Sabtu, 23 April 2011

Microbes Help Children Breathe Easily? Bacteria and Fungi May Offer Protection Against Asthma, Study Suggests

Children who grow up on farms are less likely to suffer from asthma than other rural children. (Credit: iStockphoto/Linda Kloosterhof)
ScienceDaily (Feb. 24, 2011)Children who grow up on farms are less likely to suffer from asthma than other rural children. An international team of researchers including Dr. Markus Ege and Professor Erika von Mutius at Ludwig-Maximilians-Universitaet (LMU) has published a large-scale study that now indicates that this may be due to differences in the spectrum of microbes the two groups are likely to encounter. This findings suggest that certain microorganisms may protect against the disease.

The incidence of asthma among children in Europe continues to rise. But not all children are equally at risk. Several studies published over the past few years have shown that children living on farms are significantly less likely to develop asthma than others. An international team of researchers including Dr. Markus Ege and Professor Erika von Mutius of Children's Surgical Clinic in the Dr. von Hauner Children's Hospital (Medical Center of the University of Munich) has just published an epidemiological study that confirms this finding. It shows that the lower susceptibility of farm children to asthma can largely be accounted for by the fact that they are exposed to a greater variety of microorganisms than other children living in the same regions.

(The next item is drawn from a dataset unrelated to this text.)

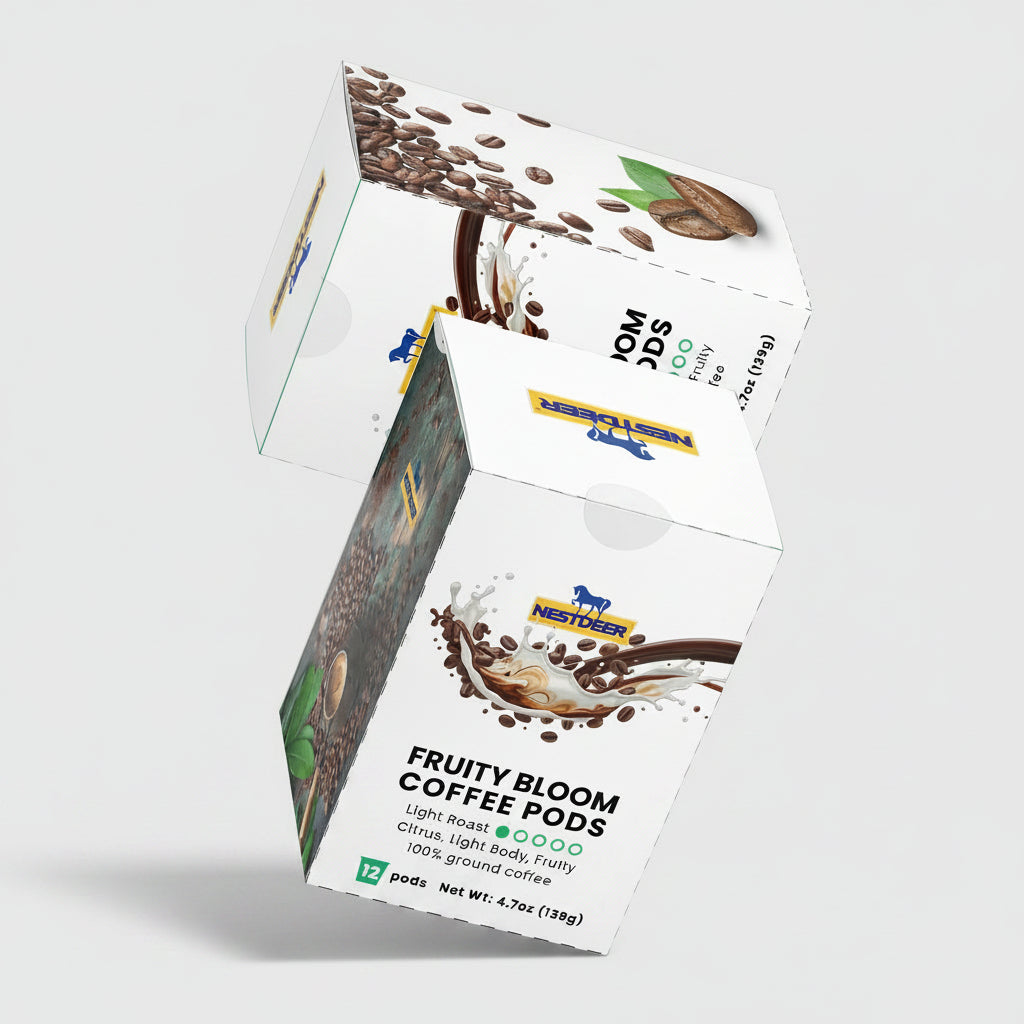 Nestle coffee pods packaging on a white background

The physiological mechanisms underlying the effect remain to be elucidated, but the investigators have identified several species that might be responsible for the reduction in asthma risk. The results have broad implications for the prevention of asthma in other sectors of the population. "We have a long way to go before we can present new preventive measures, but at least we now have candidates for the development of a vaccine," says Ege. (New England Journal of Medicine online, 24 February 2011) Asthma is among the most prevalent chronic illnesses among children in Europe, and in many cases the condition will remain with them all their lives.
This is why asthma presents such a challenge for health-care systems. The disease results from a combination of genetic and environmental factors, and various studies have shown that farm children have a significantly lower risk of developing the condition than other children. In order to identify the reasons for this difference, LMU researchers selected a group of Bavarian schoolchildren for detailed study. In the context of two large-scale, pan-European, epidemiological projects, named GABRIEL and PARSIFAL, Ege and his colleagues compared children living on farms with others from the same rural districts who had little direct contact with farms.

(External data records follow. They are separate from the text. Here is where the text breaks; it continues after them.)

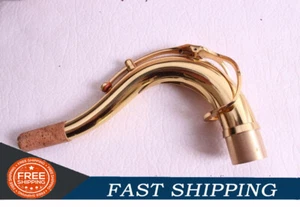 New 28mm Tenor Sax neck gold lacquer brass material Saxophone neck Woodwind US - Picture 1 of 6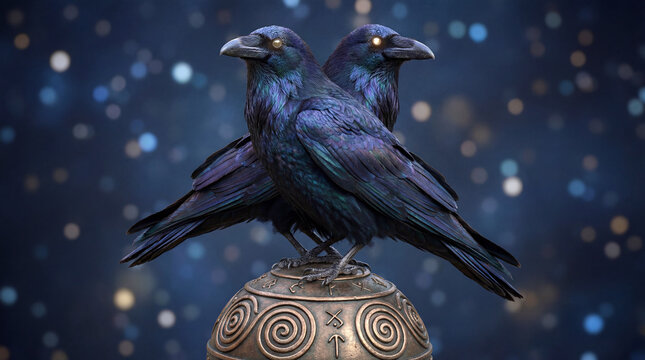 Two dark ravens named huginn and muninn symbolize wisdom and mystery, ideal for designs related to norse mythology or gothic themes.
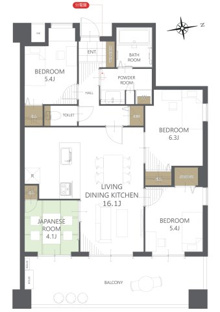 【間取り】シティガーデンBONJONOテラス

In the new work, the investigators focused on the microbes present in domestic interiors. They collected household dust from children's bedrooms, and analyzed the bacterial and fungal DNAs in the samples. The results showed that farm children must cope with a much greater range of microorganisms than are children who live in other types of environment. The bacteria and fungi seem to act as guardians of health, for it turned out that the more diverse the microbial population, the lower the risk of asthma.
Exactly how the cells and spores perform this trick is still unclear, but the researchers suggest a couple of possible explanations. "One possibility is that a particular combination of microbial species stimulates the innate immune system and so prevents it from entering a state that promotes the development of asthma," says Ege. Another model proposes that continuous exposure to many different microorganisms makes it more difficult for the species that potentially induce asthma to become the dominant forms in the lower respiratory tract -- similarly to the gastrointestinal tract, where a balanced population of microbes is necessary for optimal organ function.
Microbial diversity alone, however, is not enough to prevent asthma. More probably, it takes a particular consortium of species to exert a protective effect. "Within the large spectrum of organisms that we examined, there are some that may be of special interest," reports Ege. "Among these are certain species of bacilli and staphylococci -- Staphylococcus sciuri, for instance -- as well as fungi of the genus Eurotium."
The next challenge facing the team is to elucidate, at the level of single species, the nature of the link between the microorganisms in household dust and the protective effect, with the long-term goal of identifying candidates that might serve as the basis of a live vaccine against asthma. In addition to the LMU researchers, investigators from the Technical University of Munich, the Universities of Besançon (France), Marseille (France), Ulm, Basel (Switzerland), Utrecht (The Netherlands) and Imperial College London (UK) participated in the study. The work was supported by the European Commission (GABRIEL and PARSIFAL) and by the DFG (Deutsche Forschungsgemeinschaft) as part of its Priority Program Transregio 22.